What strikes me is the truth that echoes inside that phrase – the reality that so many Black women were never handed protection, opportunity, or permission. Instead, they created strength where none existed. They forged courage in spaces designed to silence them. They imagined freedom long before the world was ready to offer it, and then they marched toward it, carrying all of us along with them. 

Throughout history, Black women have changed our world not always with microphones or movements, but with persistence. And resolve. With everyday acts of bravery that became the backbone of progress. 

Claudette Colvin was just fifteen when she refused to give up her bus seat in Montgomery in 1955, months before Rosa Parks performed similar heroics, and later became a key plaintiff in the case that ended bus segregation. 

Dr. Rebecca Lee Crumpler became the first Black woman physician in the United States in 1864, caring for formerly enslaved people despite relentless racism and resistance. 

Daisy Bates stood at the center of the Little Rock school desegregation crisis, guiding and protecting the Little Rock Nine as they faced mobs, threats, and national scrutiny to integrate Central High School. 
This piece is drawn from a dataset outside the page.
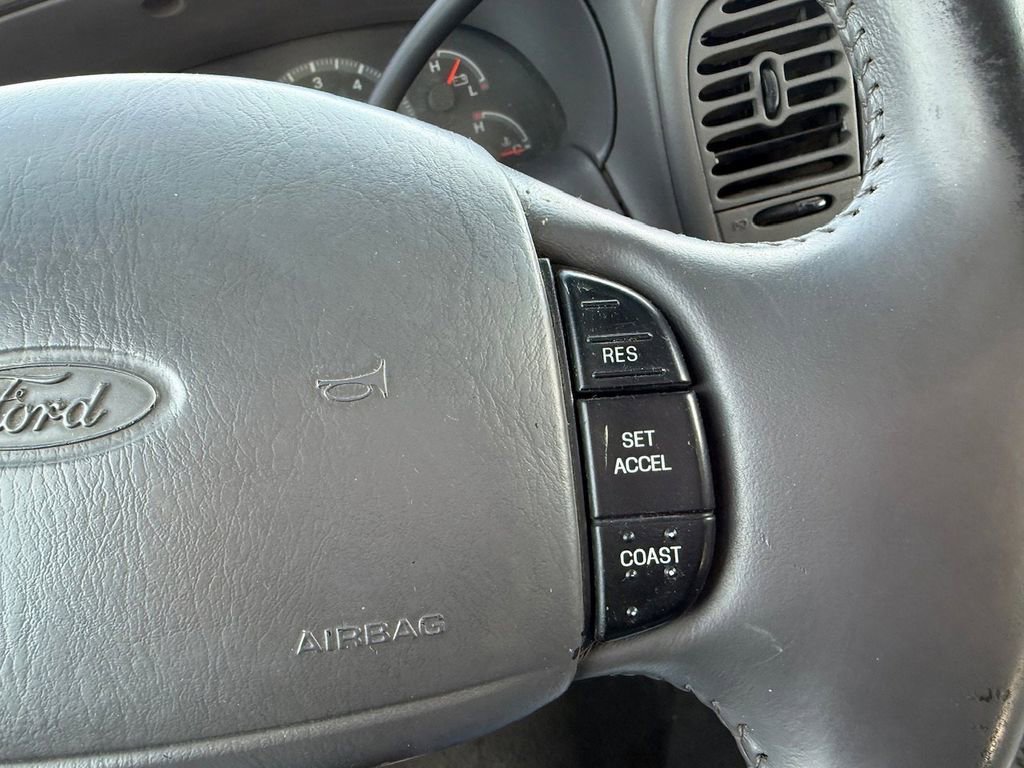 Used 2002  Ford XLT image 25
Harriet Tubman showed us that fear does not get the final word as she led hundreds to freedom. Fannie Lou Hamer spoke plainly about injustice when silence was safer. Audre Lorde urged women to use their strength in service of their vision. And Jane Bolin quietly shattered barriers as the first Black woman judge in the United States, bringing fairness into courtrooms that had long excluded women like her. 
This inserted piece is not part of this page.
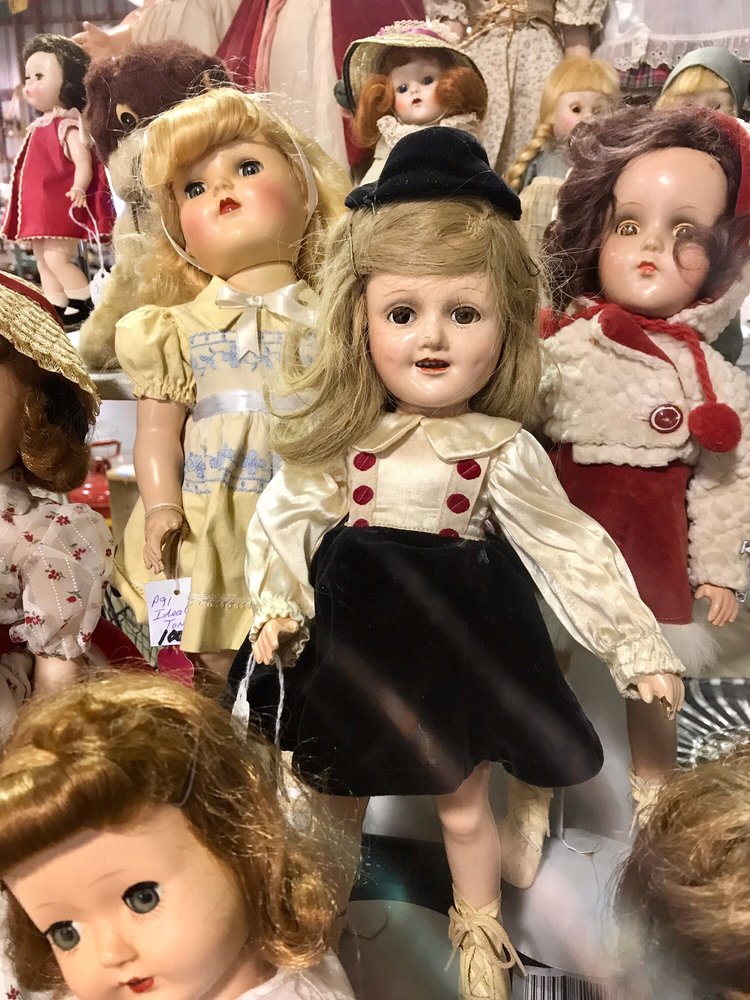 SUNDAY AT SANDWICH ANTIQUE SHOW Updated September 2024 1401 Suydam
Madam C.J. Walker invented opportunity where none existed, building a thriving business empire that empowered thousands of Black women with financial independence and pride. 

These women didn’t wait for empowerment. They invented it. They pioneered it. 
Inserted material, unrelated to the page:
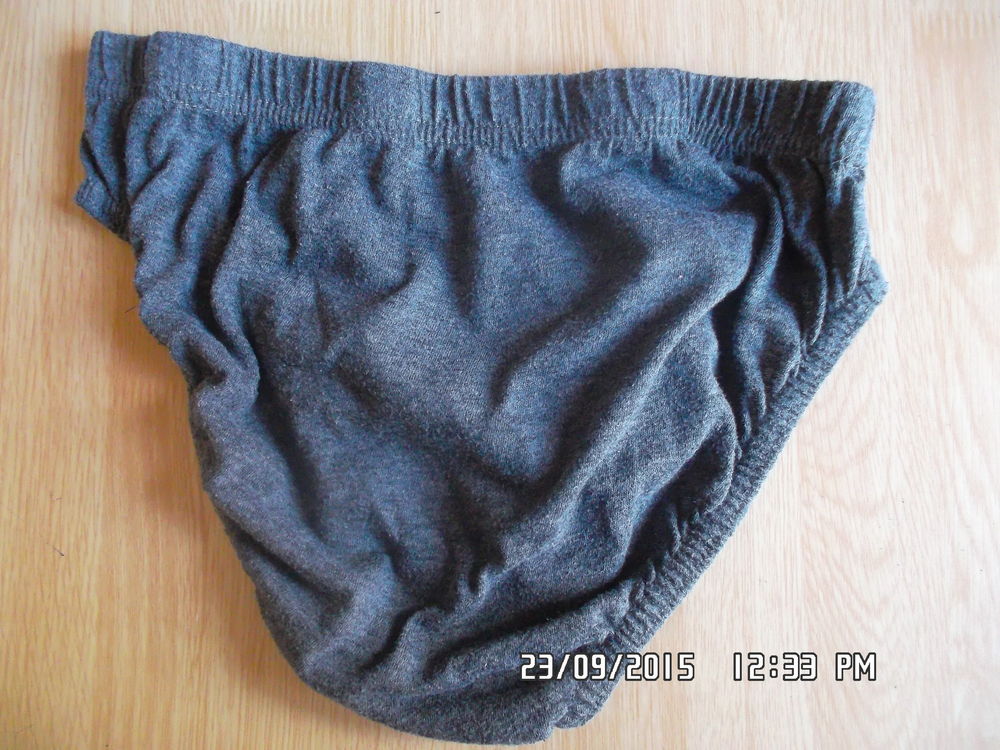 SLIP GRIS T.10-12 ANS*JUSTE 0.50 CTS*KIKI60230 Vêtements enfants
If Black people have been underappreciated in this country, Black women have carried that weight most heavily. For centuries, they’ve been exploited, dismissed, underpaid, and overlooked. Yet they kept building a more just society anyway. They kept teaching children, organizing communities, healing families, leading movements, creating culture, waving placards, and advancing the line when progress felt impossible.  There is something profoundly powerful about that kind of persistence. 

During Black History Month, and every month, we should pause not only to honor the famous and familiar names, but also to recognize the countless Black women whose quiet courage shaped the world we live in today. The ones whose stories weren’t always told. The ones who did the work even when no one was watching. 

Let’s read their words. Tell their stories. Learn from their courage. 

And salute the women who invented the power their freedom required. Because history did not move forward without them, and it never will.